Topics in Dynamical Systems: Attractors, Dimension, Lattice Model

Project: Research project

Project Details



The project outlines scientific activity in three directions. The first

is the theory of coupled map lattices (CML) where research is focused

on the thermodynamical limit for infinite-dimensional SRB measures

(in the sense of Sinai); stability of traveling wave solutions, and

transition from CMLs to PDEs via traveling waves.

It also includes the study of some well-known PDEs (for example,

Swift-Hohenberg equation which is of great interest in neurobiology).

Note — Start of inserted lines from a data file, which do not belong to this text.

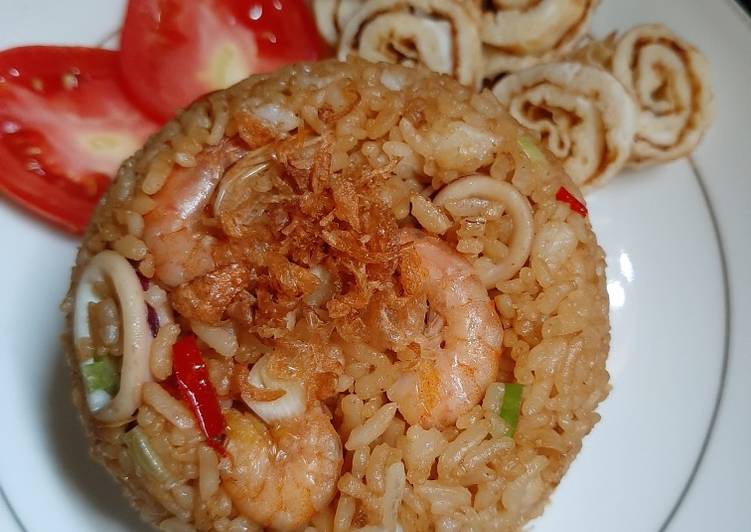 Resep Nasi goreng seafood yang Enak Banget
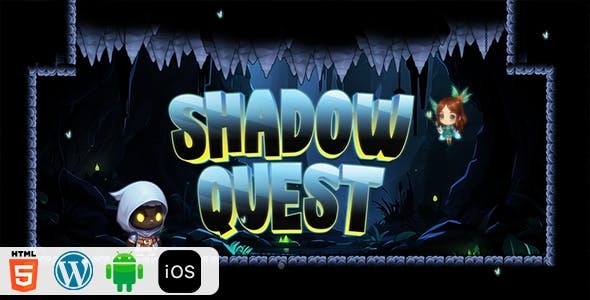 SHADOW QUEST - HTML5 Game - Official Licence SHADOW QUEST - HTML5 Game - Official Licence - Image 1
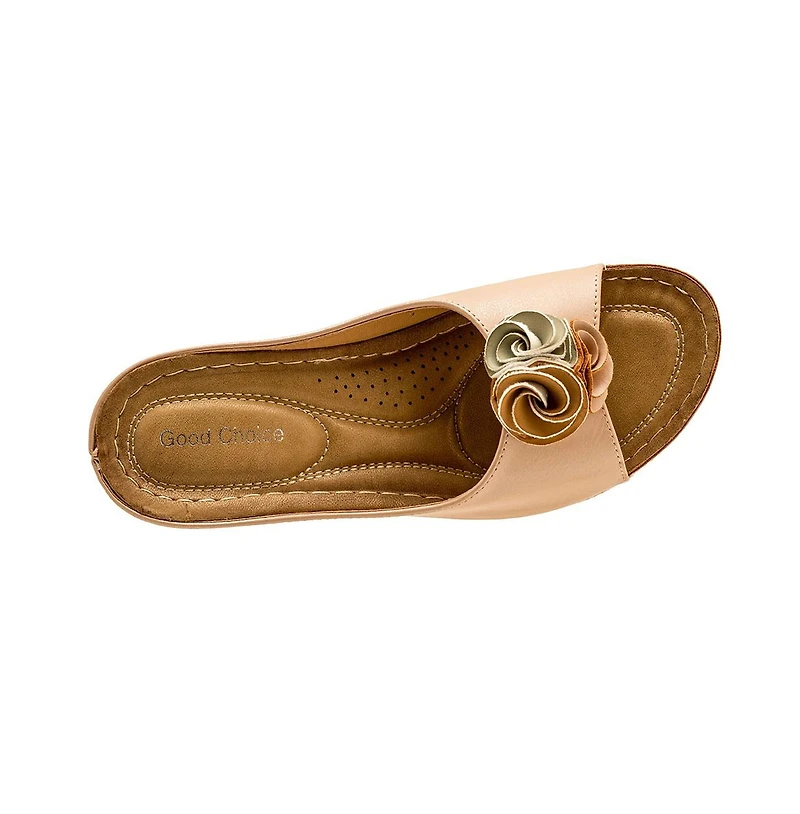 Gc Shoes Women's Sydney Rosette Wedge Sandals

The second direction is concerned with the dimension theory of dynamical

systems and includes the multifractal analysis of Birkhoff averages

with applications to some problems in number theory as well as

the multifractal rigidity phenomenon for conformal expanding maps.

The third direction of research deals with some recent advantages

in smooth ergodic theory. In particular, it is proposed to construct

some new examples of volume preserving diffeomorphisms

with non-zero Lyapunov exponents (on any Riemannian manifold and

with countable number of ergodic components). It is also proposed

to effect a multifractal formalism for two-dimensional hyperbolic


The main goal of the proposed research is to develop further the

mathematical theory of chaos. It deals with various aspects of

this theory including the appearance of chaotic motions in dynamical

systems (which are mathematical models of various phenomena in

physics, biology, economics, etc. ) and the interplay between chaotic

regimes and fractal geometric structure of the space. It is proposed

to study some macro-characteristics of chaotic behavior (such as

entropy and Lyapunov exponents) and relate them to fractal dimension

of the space. It is also proposed to construct some new examples of

chaotic systems both conservative and dissipative, finite-dimensional

as well as infinite-dimensional. These examples may serve as models

of such extremely complicated phenomena as turbulence in hydrodynamics,

neuron and memory activity in neuroscience, plant growth in plant biology, etc.